Problem statement
In the entries below, identify every line with the string "mounted" and copy it.

Provided entries
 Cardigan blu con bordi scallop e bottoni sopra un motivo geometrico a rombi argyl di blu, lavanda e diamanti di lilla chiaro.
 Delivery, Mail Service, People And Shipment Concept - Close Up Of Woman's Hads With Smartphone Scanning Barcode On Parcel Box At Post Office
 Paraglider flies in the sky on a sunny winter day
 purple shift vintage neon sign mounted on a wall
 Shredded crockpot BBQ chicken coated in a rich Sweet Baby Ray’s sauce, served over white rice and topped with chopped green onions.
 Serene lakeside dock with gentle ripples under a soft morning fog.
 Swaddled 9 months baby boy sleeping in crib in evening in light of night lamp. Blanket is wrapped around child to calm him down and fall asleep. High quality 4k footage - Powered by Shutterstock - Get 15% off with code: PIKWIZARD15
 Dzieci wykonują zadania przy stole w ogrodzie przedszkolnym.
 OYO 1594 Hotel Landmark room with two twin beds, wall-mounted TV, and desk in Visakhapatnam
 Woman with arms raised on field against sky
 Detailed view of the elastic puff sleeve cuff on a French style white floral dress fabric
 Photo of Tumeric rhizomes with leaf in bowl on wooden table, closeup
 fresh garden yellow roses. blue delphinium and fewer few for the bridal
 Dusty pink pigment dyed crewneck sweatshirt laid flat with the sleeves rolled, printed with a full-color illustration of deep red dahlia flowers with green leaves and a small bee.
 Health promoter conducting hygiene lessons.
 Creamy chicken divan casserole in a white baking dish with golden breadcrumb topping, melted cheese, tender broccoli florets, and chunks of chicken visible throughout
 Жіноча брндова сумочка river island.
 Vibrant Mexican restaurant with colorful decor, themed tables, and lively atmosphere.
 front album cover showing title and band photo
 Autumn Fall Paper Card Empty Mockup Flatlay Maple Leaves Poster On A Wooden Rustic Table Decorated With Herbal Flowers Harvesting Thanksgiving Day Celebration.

Written solution
 purple shift vintage neon sign mounted on a wall
 OYO 1594 Hotel Landmark room with two twin beds, wall-mounted TV, and desk in Visakhapatnam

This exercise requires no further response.